Kinerja sektor menunjukkan tren positif yang meluas, dengan semua komponen utama pasar berada di zona hijau dan memberikan kontribusi terhadap arah IHSG. Sektor transportasi memimpin penguatan dengan lonjakan 4,51%, diikuti sektor teknologi 4,37%, serta properti 3,39%. Kondisi ini mencerminkan adanya optimisme terhadap prospek pendapatan emiten yang berada di jalur pertumbuhan, serta dukungan likuiditas yang terus mengalir ke saham-saham unggulan.

Likuiditas terlihat cukup mendukung pergerakan pasar, ditandai oleh volume transaksi yang tinggi serta frekuensi transaksi yang relatif aktif. Aktivitas belanja di kalangan investor institusional dan ritel terlihat kompetitif, menambah dinamika pergerakan harian IHSG. Pemain pasar cenderung fokus pada emiten yang memiliki fundamental kuat maupun potensi upside teknikal dalam beberapa sesi ke depan.

Beberapa saham berkapitalisasi menengah juga menunjukkan dinamika positif, memperkaya pilihan bagi investor yang ingin mendiversifikasi portofolio. Investor disarankan tetap memperhatikan volatilitas harian dan faktor eksternal yang bisa memicu koreksi jangka pendek. Analisis teknikal dari Cetro Trading Insight menyoroti peluang jika tren saat ini dipertahankan dengan volume yang tetap kuat.

Di segmen pergerakan saham unggulan, TOP gainers menunjukkan momentum bullish yang cukup kuat.
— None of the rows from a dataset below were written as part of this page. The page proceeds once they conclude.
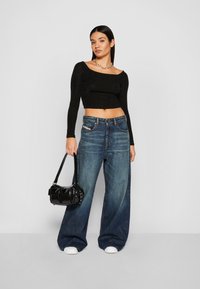 Fekete, csillogó, hosszú ujjú crop top, amelyet világoskék, bő nadrággal párosítanak. A modell egy kis, fényes fekete kézitáskát tart. A megjelenést fehér sportcipők egészítik ki.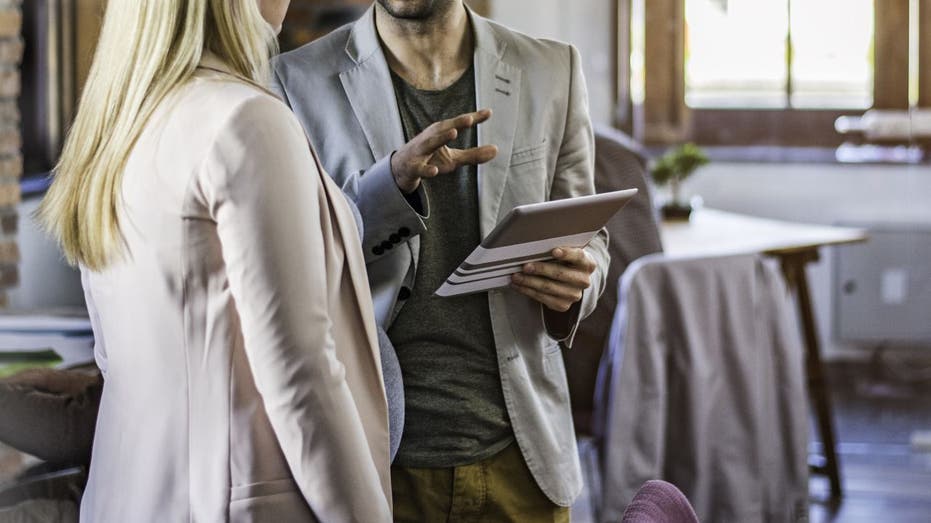 Man speaking to pregnant woman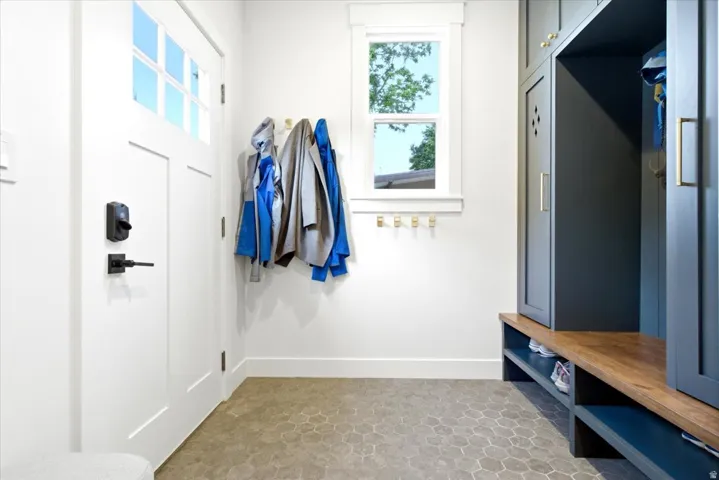 Entryway featuring hexagonal floor tiles, white paneled door with matte black hardware, built-in storage lockers in a deep blue finish, and a wood-finish bench with open shelving
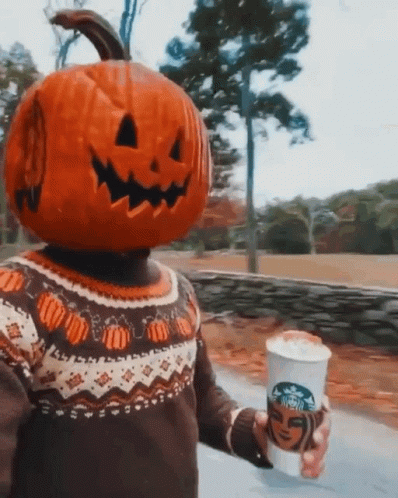 Person With Pumpkin on Head Holding Starbucks Coffee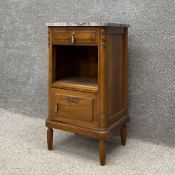 An early 20th century French walnut bedside cabinet having a square marble top over a single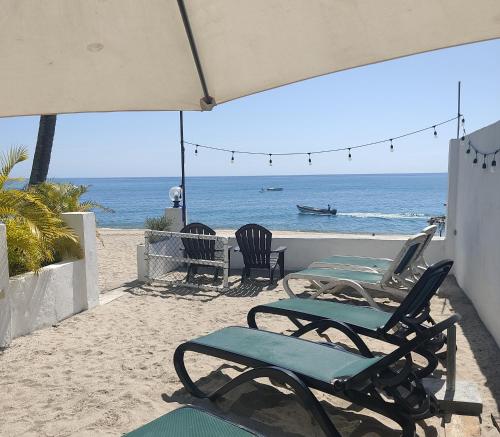 dos sillas y sillas en una playa con el océano en Bed & Breakfast T.T, en Río Hato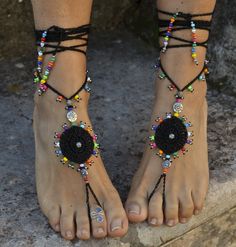 This listing is for a pair of black gipsy mandala barefoot sandals. Beautiful and unique barefoot sandals with a tribal vibration. Handmade crocheted with love and care using black waxed polyester cord, tibetan silver beads and czech seed beads. They will embellish your feet and you can wear it with sandals in a variety of styles from work to casual to evening attire. Beautiful to wear on a beach or garden wedding. Great and very comfortable for making yoga, hula hoop, belly dance and dancing. T Summer Festival Jewelry With Black Beads, Black Bohemian Anklets With Black Beads, Black Beaded Festival Anklets, Black Beaded Anklets For Festival, Black Bohemian Beaded Anklets, Adjustable Traditional Anklets For Party, Handmade Bohemian Black Barefoot Sandals, Black Handmade Bohemian Barefoot Sandals, Black Bohemian Handmade Barefoot Sandals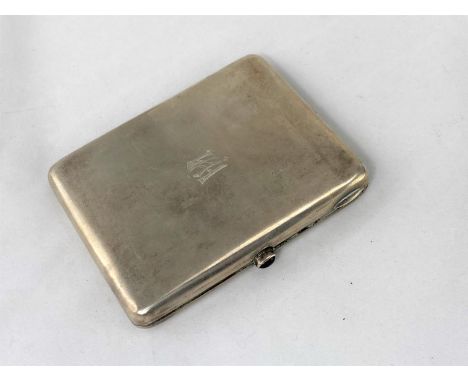 A Russian white metal cigarette case stamped '875' with a head mark to interior, red cabochon stone opener, 3.9oz. / 122.5gm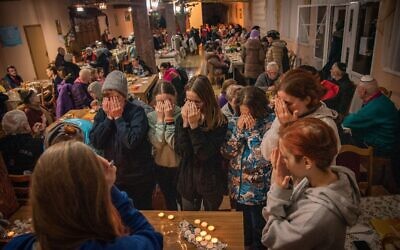 Ukrainian refugees light Shabbat candles at a Kedem JCC call centre and refugee shelter in Kishinev, Moldova. Photo: Arik Shraga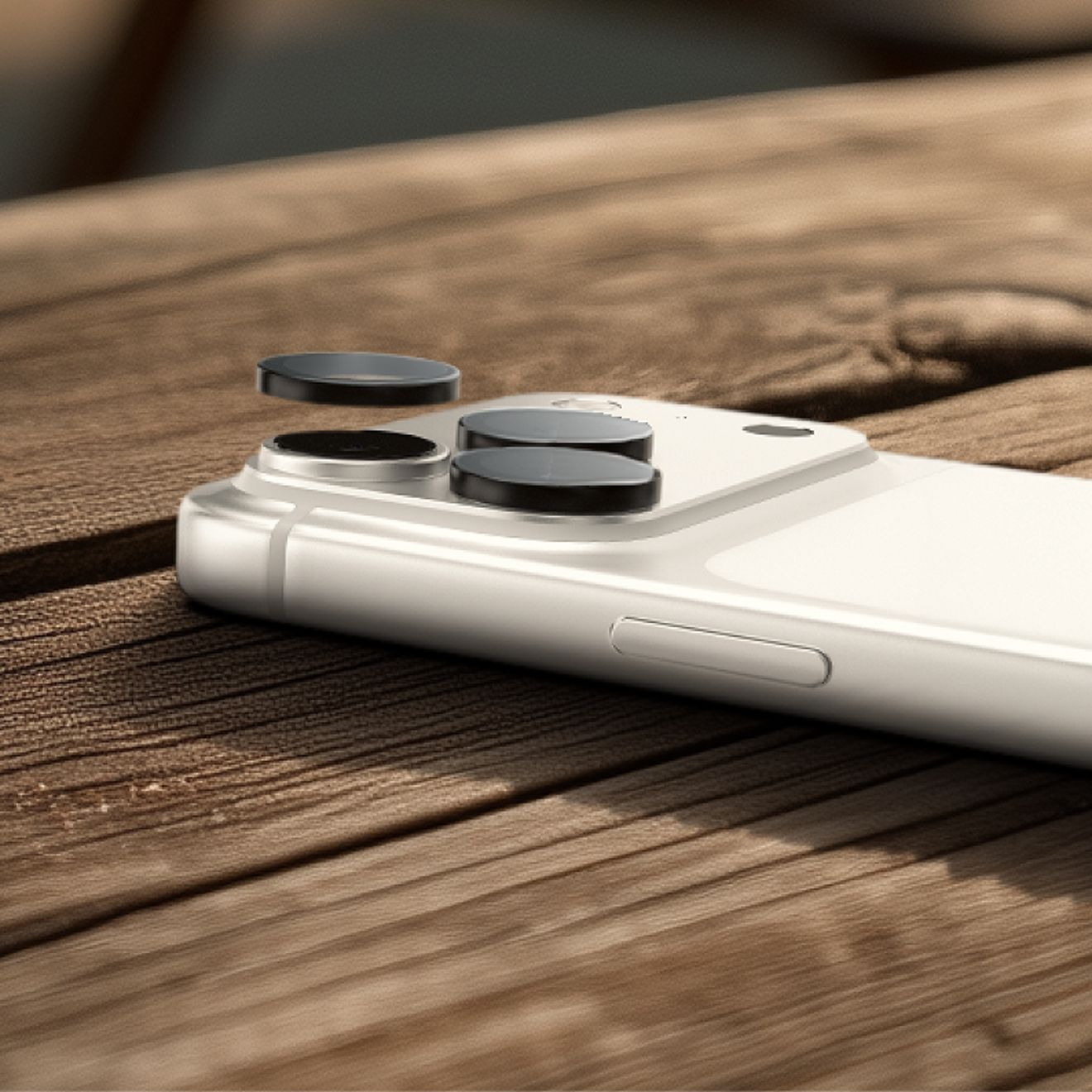Close-up of a silver iPhone Pro on a wooden surface with ZAGG Glass Elite Camera Lens Protectors being lifted from the rear camera lenses using the included lens remover tool.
BABY mencetak lonjakan sebesar 35% menjadi Rp189, disusul KBLV yang naik 34,85% ke Rp89, serta FOLK yang melonjak 34,59% ke Rp214. Lonjakan ini menandakan minat beli yang signifikan pada emiten berpotensi pertumbuhan dan menarik perhatian pelaku pasar jangka pendek.

Di sisi lain, beberapa saham mengalami koreksi signifikan yang memberikan gambaran keseimbangan risiko di pasar. GRIA turun 14,69% menjadi Rp122, CTBN turun 12,20% menjadi Rp5.575, dan NFCX turun 12,09% menjadi Rp1.490. Penurunan tersebut menambah dinamika volatilitas harian dan menuntut konfirmasi teknikal sebelum mengambil posisi baru.

Secara keseluruhan, momentum IHSG menunjukkan arahan bullish jangka pendek dengan peluang kenaikan lebih lanjut jika dukungan likuiditas tetap terjaga. Namun, para investor perlu menerapkan manajemen risiko yang ketat dan menjaga level entry, stop loss, serta target profit yang proporsional. Analisa pasar dari Cetro Trading Insight menekankan kehati-hatian tetap diperlukan meski peluang keuntungan terlihat menjanjikan.